Workers stay busy on the assembly line at Peerless Products Friday. The facility will be adding more assembly lines and more jobs in the near future. Photo by Sarah Haney / Iola Register

“Growth” would be an appropriate word to describe Josh Granere’s tenure with Peerless Products, as well as the company itself. The Iola plant manager began with the window manufacturing company nearly 15 years ago in the fall of 2009, starting on the night shift paint line in Fort Scott and working his way up through the ranks and departments.

In 2020, the Moran native was named plant manager of the Iola facility.

Peerless was founded in Fort Scott in 1952 and expanded with the addition of a plant in Nevada, Mo., in 2019.

In just under four years, the Iola branch is now planning to add a thermal department to its production as well as more assembly lines. 

The only hitch to that forecast is employee retention, he said.

“We’ve got a lot of good folks here right now,” he said. “Even though we’re not a new company, we are a new facility. It takes some time to build up a head count.”
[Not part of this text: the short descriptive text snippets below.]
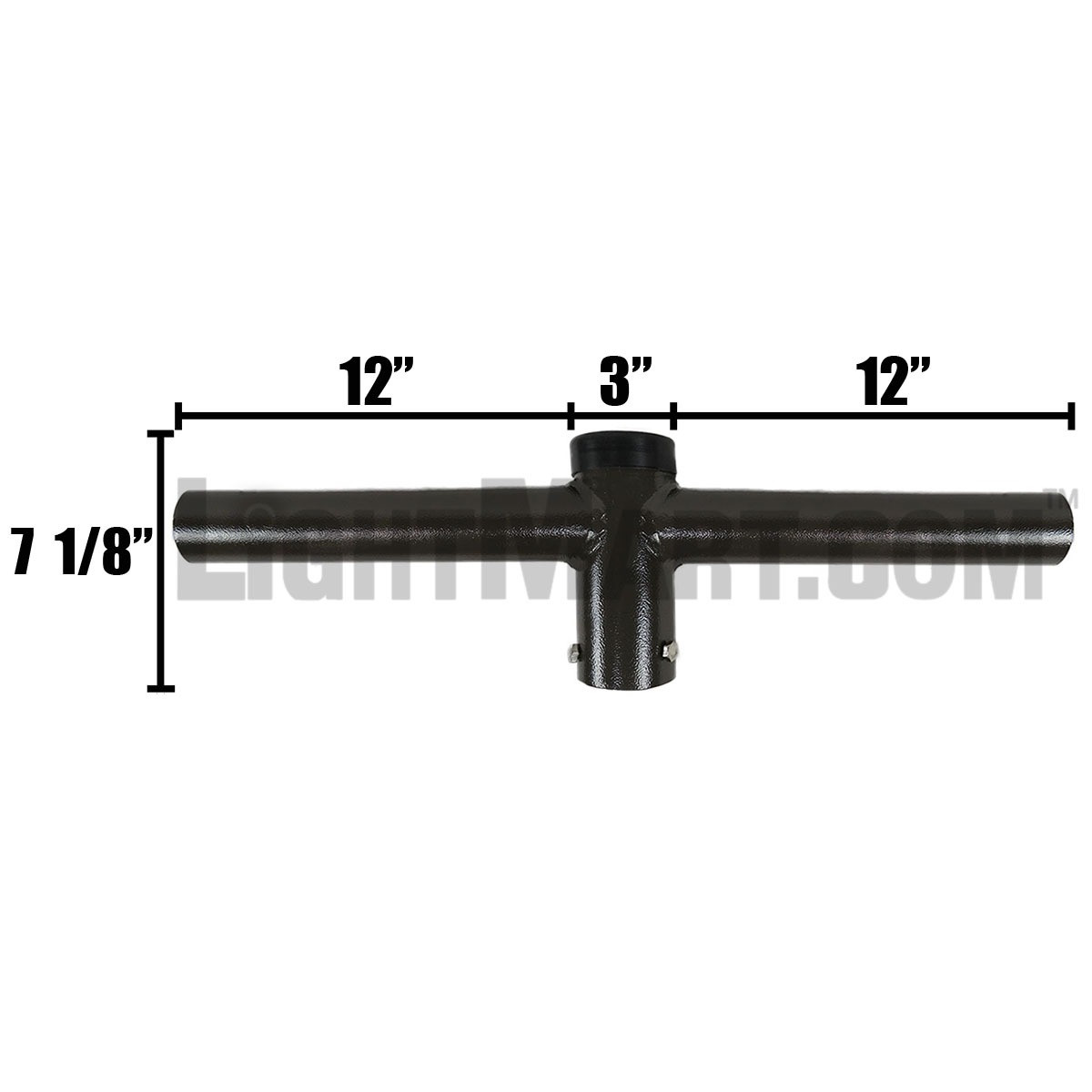 img_1439_0__94624.1622630034.jpg Spoke Bracket with 2 Arms at 180 Degrees
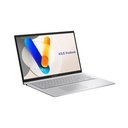 Asus F1704VA-AU036 C5-120U 16GB 1TB DOS 17.3"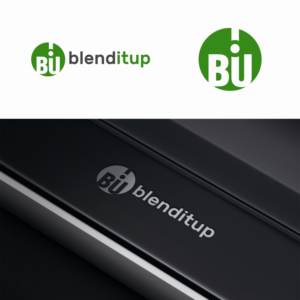 Logo-Design von MG.graphics für dieses Projekt | Design: #25989457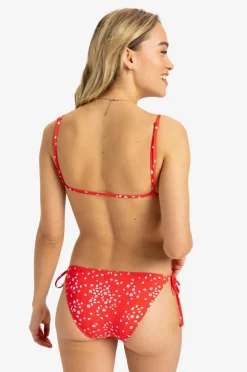 Roxy Bikiniunderdel PT Beach Classics TS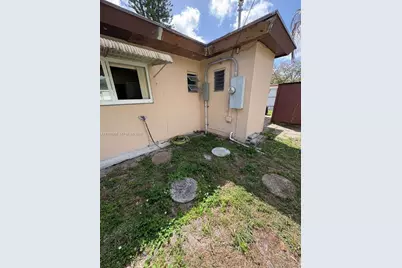 5631 Branch St, Hollywood, FL 33021 - Photo 4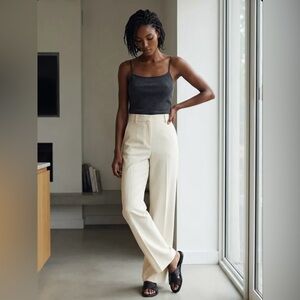 Ralph Lauren Cashmere Cashmere Tank Top Camisole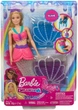 Лялька Барбі Дримтопия Русалонька Слайм Barbie Dreamtopia Slime Mermaid - зображення 5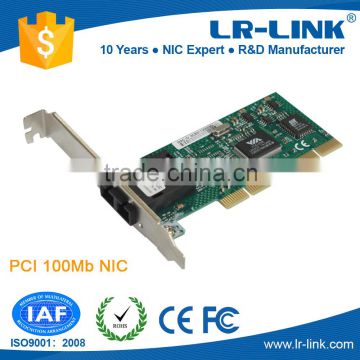 PCI Network Lan Card Adapter
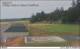 Friday Harbor, Washington 12.06.2025 11:52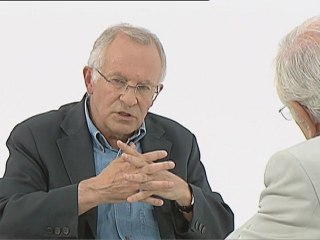 Les grands témoins de l'éducation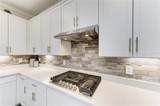 4849 Coastal Days Lane - Photo 13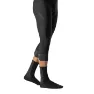 Castelli Tutto Nano 3/4 Radlerhose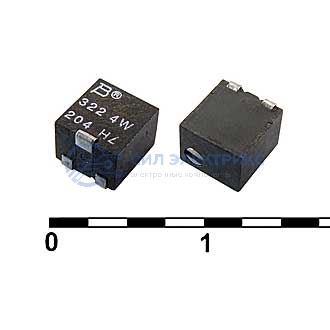 3224W 200R фото 3224W 200R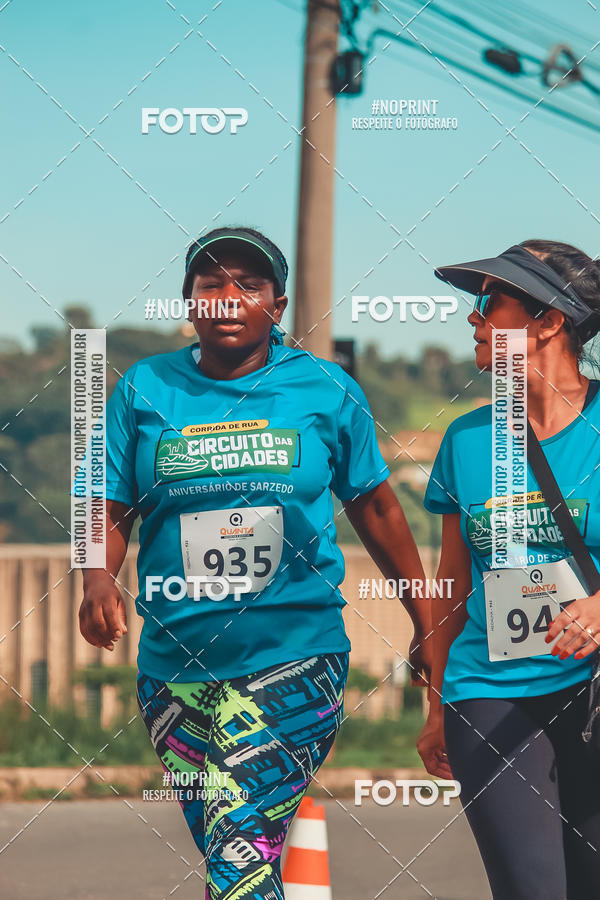 Buy your photos of the eventCircuito das Cidades - Desafio na Festa da Cidade on Fotop
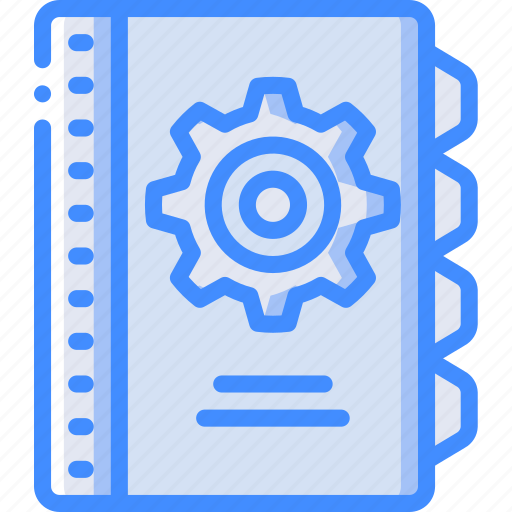 Hr, human, markers, project, resources, task, tasking icon - Download on Iconfinder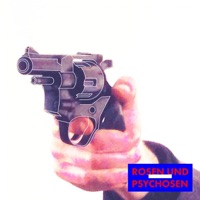 Rosen und Psychosen - Single - AB Syndrom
The facility has approximately 60 employees with three recent hires. 

Granere said the door is open for at least a third more employees.

Plant manager Josh Granere shows some of the unique window/door designs that Peerless Products manufactures at its Iola location. Photo by Sarah Haney / Iola Register

THE FORT SCOTT location currently handles a process where aluminum is “thermally broken.” The term is used in the window manufacturing industry to describe a window’s construction. It means that you manufacture the aluminum frame to have an interior and exterior side joined by a barrier. The barrier helps inhibit conductive thermal energy loss.
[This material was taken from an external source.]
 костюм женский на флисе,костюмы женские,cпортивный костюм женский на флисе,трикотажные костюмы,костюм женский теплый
“It helps prevent the transfer of outside air,” explained Granere.

Iola now has a machine to complete this process and is awaiting the arrival of a transformer to begin utilizing the new thermal department. Granere hopes the addition of the department will help streamline production at the facility.
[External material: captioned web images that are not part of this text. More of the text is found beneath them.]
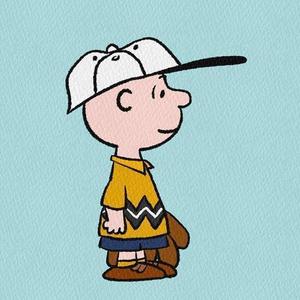 乌市通讯专家 头像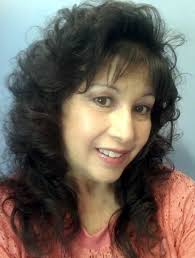 Wanda Lawson Obituary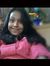 Grace S...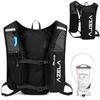 Azarxis Running Bag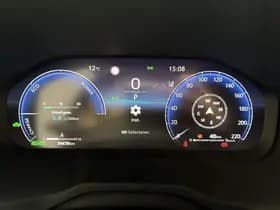 Toyota Rav4 thumbnail 36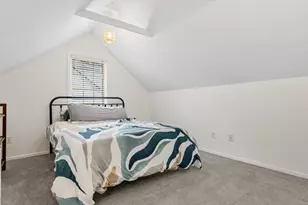 2924 Alabama Ave S, Saint Louis Park, MN 55416 - Photo 18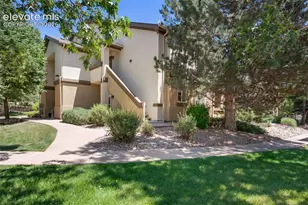3831 Riviera Grove, Colorado Springs, CO 80922 - Photo 5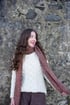 Infinity Scarves - Made in Ireland  Image 8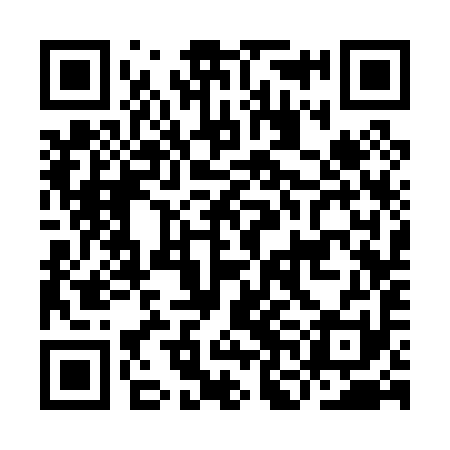 QR code for INC091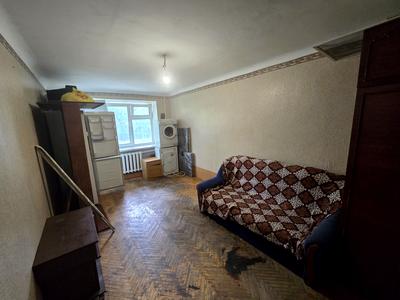 квартира за адресою Павла Чубинського вул. (Крупської), 4-А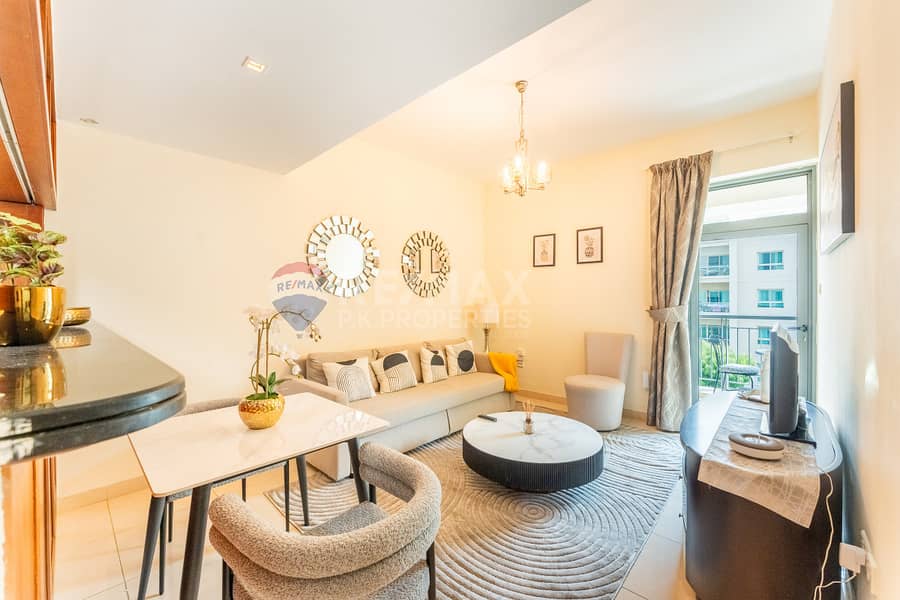 位于景观公寓社区,阿诺公寓,阿诺大厦A座 1 卧室的公寓 1290000 AED - 11118091 位于景观公寓社区,阿诺公寓,阿诺大厦A座 1 卧室的公寓 1290000 AED - 11118091
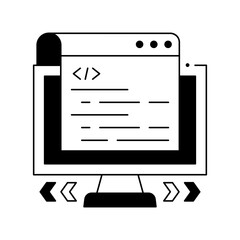 script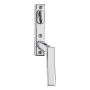 BALKONGDØRVRIDER ASSA ABLOY 3315 68/33,5 ZK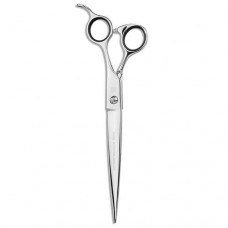 ARTERO НОЖИЦА ПРАВА MAGNUM ERGO 7" MICRO, Испания T45870 ARTERO НОЖИЦА ПРАВА MAGNUM ERGO 7" MICRO, Испания T45870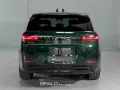 Land Rover Range Rover Sport Autobiography*MASSAGE*KÜHLFACH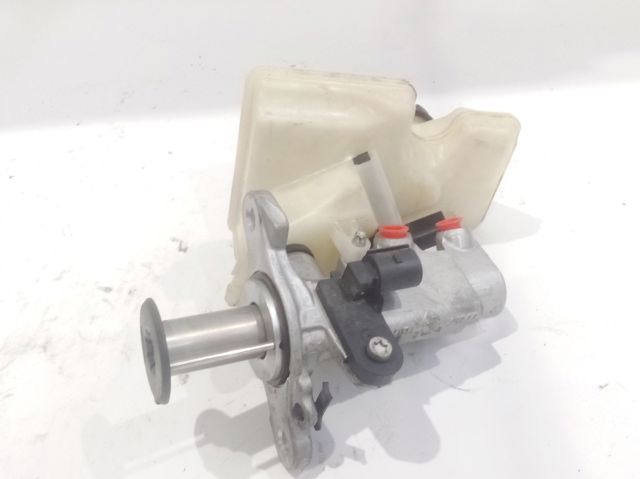 5Q1614019ACREP VAG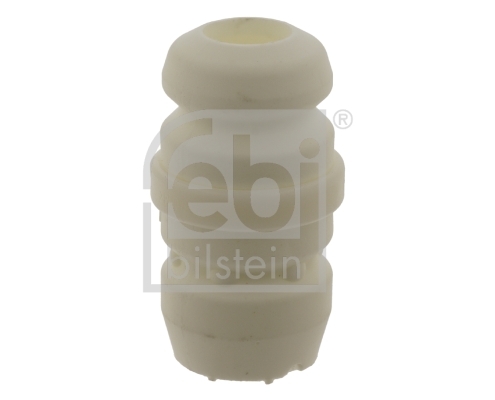 Tampon cauciuc, suspensie 30456 FEBI BILSTEIN - Elemente suspensie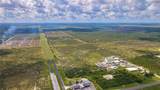 2300 Us-27 - Photo 3
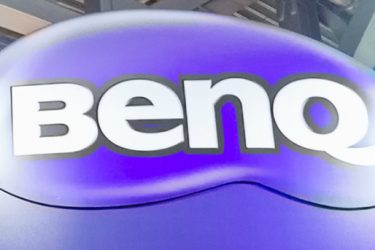 BenQ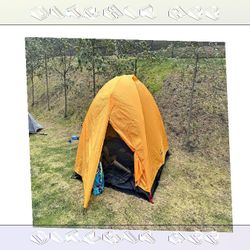 Travel Camping Tents Fun Awaits in Nature's Playground lose important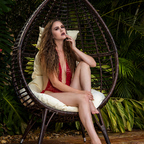 Download abbz2damax OnlyFans videos and photos for free 

 profile picture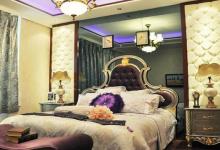 臥室適合擺放哪些吉祥物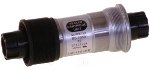 Shimano LX Splined ES51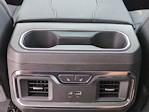 New 2026 Chevrolet Silverado 1500 LTZ Crew Cab for sale #41260402 - photo 22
When the plant first opened, the building was shared with Gates Manufacturing as a tenant for the first couple years. “Last year, around June, is when we dissolved that,” said Granere. This has created the opportunity for Peerless to add more assembly lines in the extra space. The plant has one assembly line in operation and plans to add a second one this year. “Eventually, we’d like to get up to six or eight lines,” he added. “That’s long-term — it’s not going to happen overnight.”

The addition of the assembly lines means job creation. By the end of 2024, Granere hopes to have increased the facility’s employee count to 85 or 90. This would allow a third line to be created, he noted. With the dream of adding even more lines beyond this year, this could mean consistent job growth for the Iola community.

Plant manager Josh Granere demonstrates a new compression slider door that Peerless Products is developing. Photo by Sarah Haney / Iola Register

THE IOLA branch was opened initially to meet the window needs of low-rise or commercial sized buildings. Since opening, however, it has taken on some much larger projects. It isn’t unusual for the Iola plant to work on projects for 40- or 50-story buildings. 

Granere noted they are currently working on a project for the University of California San Diego (UCSD) and have also completed a big project in Boston.